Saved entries

○ ○ ○ ○

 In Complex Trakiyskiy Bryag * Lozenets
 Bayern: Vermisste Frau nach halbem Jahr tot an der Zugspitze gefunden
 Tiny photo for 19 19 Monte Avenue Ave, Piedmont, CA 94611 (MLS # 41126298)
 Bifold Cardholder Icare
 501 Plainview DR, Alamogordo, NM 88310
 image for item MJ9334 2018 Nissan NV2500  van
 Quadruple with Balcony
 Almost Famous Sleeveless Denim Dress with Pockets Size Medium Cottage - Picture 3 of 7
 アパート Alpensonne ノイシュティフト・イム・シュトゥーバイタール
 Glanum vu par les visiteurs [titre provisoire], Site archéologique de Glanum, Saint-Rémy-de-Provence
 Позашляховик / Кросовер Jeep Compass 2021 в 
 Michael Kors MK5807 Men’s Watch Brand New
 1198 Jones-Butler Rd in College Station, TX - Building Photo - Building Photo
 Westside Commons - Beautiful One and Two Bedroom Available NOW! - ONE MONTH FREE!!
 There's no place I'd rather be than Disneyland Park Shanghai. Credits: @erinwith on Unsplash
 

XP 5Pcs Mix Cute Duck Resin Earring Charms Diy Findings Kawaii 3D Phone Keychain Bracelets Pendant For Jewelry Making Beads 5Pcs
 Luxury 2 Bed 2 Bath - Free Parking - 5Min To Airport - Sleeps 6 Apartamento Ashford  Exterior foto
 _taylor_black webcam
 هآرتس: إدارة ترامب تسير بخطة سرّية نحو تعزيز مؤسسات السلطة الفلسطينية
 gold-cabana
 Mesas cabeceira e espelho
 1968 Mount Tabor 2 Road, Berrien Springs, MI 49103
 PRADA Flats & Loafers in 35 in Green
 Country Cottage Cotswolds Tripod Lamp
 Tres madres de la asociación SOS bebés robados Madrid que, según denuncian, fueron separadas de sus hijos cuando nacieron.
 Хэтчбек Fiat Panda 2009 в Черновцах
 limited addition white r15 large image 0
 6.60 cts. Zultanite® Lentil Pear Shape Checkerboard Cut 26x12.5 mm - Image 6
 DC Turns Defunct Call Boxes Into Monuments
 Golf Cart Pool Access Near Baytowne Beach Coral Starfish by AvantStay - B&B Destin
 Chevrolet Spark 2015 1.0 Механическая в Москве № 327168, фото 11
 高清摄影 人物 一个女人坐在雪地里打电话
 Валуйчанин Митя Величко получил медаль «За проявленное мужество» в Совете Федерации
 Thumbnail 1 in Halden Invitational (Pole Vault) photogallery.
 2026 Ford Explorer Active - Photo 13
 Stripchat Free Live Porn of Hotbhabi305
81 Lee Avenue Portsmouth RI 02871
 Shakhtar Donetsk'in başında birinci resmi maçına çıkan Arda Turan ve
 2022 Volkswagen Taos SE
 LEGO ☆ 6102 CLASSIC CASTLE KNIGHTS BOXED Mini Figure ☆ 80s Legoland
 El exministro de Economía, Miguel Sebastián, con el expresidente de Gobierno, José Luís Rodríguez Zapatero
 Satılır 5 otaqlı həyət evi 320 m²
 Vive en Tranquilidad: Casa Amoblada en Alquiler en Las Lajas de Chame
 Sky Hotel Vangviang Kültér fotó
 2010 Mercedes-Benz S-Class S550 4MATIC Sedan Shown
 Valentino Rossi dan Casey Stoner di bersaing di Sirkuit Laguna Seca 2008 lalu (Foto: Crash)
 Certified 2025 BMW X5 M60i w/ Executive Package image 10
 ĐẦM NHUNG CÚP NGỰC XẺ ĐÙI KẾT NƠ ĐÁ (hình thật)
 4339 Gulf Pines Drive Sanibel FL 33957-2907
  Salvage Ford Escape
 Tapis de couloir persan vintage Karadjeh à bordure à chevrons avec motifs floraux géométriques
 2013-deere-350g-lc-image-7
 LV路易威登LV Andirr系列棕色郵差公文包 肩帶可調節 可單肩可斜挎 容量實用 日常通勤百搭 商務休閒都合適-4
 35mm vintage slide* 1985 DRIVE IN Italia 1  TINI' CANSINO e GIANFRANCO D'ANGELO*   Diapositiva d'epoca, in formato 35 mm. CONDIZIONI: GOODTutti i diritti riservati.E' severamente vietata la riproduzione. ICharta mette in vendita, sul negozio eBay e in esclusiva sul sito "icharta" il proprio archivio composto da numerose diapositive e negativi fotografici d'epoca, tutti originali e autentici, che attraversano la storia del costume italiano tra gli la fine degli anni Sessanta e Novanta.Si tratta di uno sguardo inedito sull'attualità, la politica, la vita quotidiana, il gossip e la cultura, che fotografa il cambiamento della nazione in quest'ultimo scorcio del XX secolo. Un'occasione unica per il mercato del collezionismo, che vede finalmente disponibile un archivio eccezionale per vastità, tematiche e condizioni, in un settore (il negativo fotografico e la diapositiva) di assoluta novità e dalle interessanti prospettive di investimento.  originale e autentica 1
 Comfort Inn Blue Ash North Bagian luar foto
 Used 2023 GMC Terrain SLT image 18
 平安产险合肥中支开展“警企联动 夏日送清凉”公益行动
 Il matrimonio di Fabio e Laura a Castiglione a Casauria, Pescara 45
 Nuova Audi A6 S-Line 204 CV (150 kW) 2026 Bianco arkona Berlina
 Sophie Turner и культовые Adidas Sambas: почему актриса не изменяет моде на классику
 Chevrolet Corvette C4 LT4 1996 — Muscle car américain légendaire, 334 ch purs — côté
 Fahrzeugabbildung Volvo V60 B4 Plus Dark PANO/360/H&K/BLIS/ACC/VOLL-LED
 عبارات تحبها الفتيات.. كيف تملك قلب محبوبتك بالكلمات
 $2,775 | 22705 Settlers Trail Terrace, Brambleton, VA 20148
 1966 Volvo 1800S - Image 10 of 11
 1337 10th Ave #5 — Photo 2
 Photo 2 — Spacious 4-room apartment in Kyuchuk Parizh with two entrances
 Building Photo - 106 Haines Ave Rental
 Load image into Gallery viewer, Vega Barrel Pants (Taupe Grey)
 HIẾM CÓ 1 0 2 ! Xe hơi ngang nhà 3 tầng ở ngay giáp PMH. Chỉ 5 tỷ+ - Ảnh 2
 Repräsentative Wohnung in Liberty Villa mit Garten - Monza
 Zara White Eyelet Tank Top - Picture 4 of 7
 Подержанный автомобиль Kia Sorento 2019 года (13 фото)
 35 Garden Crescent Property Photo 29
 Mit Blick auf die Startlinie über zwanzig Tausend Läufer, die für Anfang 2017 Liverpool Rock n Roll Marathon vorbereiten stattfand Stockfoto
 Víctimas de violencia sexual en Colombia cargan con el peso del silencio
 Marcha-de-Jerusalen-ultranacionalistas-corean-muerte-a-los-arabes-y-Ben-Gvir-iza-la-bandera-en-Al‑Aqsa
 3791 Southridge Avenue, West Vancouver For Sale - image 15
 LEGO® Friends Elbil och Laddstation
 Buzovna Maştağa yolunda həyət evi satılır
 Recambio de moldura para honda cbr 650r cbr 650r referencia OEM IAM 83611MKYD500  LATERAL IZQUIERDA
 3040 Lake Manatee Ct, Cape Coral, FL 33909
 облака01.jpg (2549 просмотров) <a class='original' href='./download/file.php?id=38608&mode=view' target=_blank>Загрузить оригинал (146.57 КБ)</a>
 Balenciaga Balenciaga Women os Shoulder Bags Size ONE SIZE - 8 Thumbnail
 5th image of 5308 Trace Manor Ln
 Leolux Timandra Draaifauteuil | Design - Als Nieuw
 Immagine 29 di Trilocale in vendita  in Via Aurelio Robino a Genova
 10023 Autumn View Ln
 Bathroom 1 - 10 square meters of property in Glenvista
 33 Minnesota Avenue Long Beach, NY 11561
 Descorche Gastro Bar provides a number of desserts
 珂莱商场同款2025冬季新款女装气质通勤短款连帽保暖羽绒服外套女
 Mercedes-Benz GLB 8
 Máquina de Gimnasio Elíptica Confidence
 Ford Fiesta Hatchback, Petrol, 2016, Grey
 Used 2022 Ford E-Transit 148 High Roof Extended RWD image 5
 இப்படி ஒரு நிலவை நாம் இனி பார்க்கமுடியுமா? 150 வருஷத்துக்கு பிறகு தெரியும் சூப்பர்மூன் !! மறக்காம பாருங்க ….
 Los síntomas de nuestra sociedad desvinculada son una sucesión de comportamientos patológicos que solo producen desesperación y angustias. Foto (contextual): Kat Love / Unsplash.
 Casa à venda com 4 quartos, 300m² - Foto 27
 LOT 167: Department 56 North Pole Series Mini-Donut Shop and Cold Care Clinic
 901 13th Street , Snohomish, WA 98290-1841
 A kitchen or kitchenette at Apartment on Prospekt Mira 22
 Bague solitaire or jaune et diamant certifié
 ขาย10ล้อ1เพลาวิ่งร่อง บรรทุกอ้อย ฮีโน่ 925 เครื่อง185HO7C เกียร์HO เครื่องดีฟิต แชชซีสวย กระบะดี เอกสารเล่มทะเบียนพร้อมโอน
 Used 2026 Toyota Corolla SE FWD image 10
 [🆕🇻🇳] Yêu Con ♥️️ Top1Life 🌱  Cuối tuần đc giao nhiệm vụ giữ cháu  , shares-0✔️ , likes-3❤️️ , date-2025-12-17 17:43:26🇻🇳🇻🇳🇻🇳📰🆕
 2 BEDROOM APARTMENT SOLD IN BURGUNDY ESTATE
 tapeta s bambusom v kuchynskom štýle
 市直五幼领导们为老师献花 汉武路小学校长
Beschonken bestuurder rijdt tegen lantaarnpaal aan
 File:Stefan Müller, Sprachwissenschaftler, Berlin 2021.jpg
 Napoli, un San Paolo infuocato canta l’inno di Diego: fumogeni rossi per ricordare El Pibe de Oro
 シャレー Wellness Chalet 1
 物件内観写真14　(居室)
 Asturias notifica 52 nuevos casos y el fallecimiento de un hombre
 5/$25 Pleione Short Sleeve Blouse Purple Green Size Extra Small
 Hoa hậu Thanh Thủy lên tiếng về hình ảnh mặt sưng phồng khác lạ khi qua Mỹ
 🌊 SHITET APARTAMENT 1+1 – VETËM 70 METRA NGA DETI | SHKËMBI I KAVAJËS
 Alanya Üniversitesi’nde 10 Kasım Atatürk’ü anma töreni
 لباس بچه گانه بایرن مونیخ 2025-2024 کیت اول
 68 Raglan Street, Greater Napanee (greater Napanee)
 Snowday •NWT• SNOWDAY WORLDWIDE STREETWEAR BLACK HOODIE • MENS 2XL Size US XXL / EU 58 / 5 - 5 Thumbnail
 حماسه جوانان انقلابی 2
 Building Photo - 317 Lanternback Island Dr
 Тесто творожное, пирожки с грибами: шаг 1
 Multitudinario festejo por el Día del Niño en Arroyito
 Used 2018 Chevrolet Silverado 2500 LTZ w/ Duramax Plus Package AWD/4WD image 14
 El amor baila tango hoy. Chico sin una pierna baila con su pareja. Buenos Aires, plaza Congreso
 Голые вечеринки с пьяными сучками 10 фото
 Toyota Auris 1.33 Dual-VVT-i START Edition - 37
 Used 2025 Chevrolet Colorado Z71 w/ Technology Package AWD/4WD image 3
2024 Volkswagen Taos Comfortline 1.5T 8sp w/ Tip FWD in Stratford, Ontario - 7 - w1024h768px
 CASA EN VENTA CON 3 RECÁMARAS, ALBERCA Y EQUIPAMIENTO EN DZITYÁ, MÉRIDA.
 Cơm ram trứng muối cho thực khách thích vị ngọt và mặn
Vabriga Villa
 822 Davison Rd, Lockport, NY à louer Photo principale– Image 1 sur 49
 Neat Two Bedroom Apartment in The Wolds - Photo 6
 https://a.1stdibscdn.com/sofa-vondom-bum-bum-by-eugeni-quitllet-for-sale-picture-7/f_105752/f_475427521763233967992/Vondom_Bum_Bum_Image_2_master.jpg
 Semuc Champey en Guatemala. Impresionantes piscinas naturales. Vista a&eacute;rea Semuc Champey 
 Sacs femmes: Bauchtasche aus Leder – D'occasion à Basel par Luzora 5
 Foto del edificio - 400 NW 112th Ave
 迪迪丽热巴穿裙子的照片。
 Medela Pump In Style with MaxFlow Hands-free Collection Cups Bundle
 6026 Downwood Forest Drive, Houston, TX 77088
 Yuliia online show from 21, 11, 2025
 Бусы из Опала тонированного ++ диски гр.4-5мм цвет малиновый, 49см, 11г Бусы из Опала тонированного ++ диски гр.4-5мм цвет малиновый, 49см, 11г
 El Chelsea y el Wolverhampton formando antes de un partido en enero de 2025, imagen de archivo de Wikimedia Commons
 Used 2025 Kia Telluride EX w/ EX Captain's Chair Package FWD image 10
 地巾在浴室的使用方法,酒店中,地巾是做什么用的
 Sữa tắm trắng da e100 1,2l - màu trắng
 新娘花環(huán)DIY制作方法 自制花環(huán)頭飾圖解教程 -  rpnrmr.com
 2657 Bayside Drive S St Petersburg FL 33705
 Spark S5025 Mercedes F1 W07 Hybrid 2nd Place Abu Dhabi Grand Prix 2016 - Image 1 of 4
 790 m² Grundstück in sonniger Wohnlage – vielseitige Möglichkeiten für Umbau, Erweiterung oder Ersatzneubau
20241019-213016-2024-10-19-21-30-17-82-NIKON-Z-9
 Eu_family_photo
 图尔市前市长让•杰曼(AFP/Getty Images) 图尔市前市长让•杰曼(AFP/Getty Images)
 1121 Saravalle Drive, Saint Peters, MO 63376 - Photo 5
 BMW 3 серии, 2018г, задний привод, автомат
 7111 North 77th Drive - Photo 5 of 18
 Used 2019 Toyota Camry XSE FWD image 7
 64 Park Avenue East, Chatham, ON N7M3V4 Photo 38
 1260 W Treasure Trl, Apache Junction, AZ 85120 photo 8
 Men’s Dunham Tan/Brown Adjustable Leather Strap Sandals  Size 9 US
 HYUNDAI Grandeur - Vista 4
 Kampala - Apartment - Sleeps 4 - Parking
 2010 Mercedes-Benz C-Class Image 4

○ ○ ○ ○

__Task__.
Pull out every line of the entries that includes the word "Benz".

__Answer to this task__.
 2010 Mercedes-Benz S-Class S550 4MATIC Sedan Shown
 Mercedes-Benz GLB 8
 2010 Mercedes-Benz C-Class Image 4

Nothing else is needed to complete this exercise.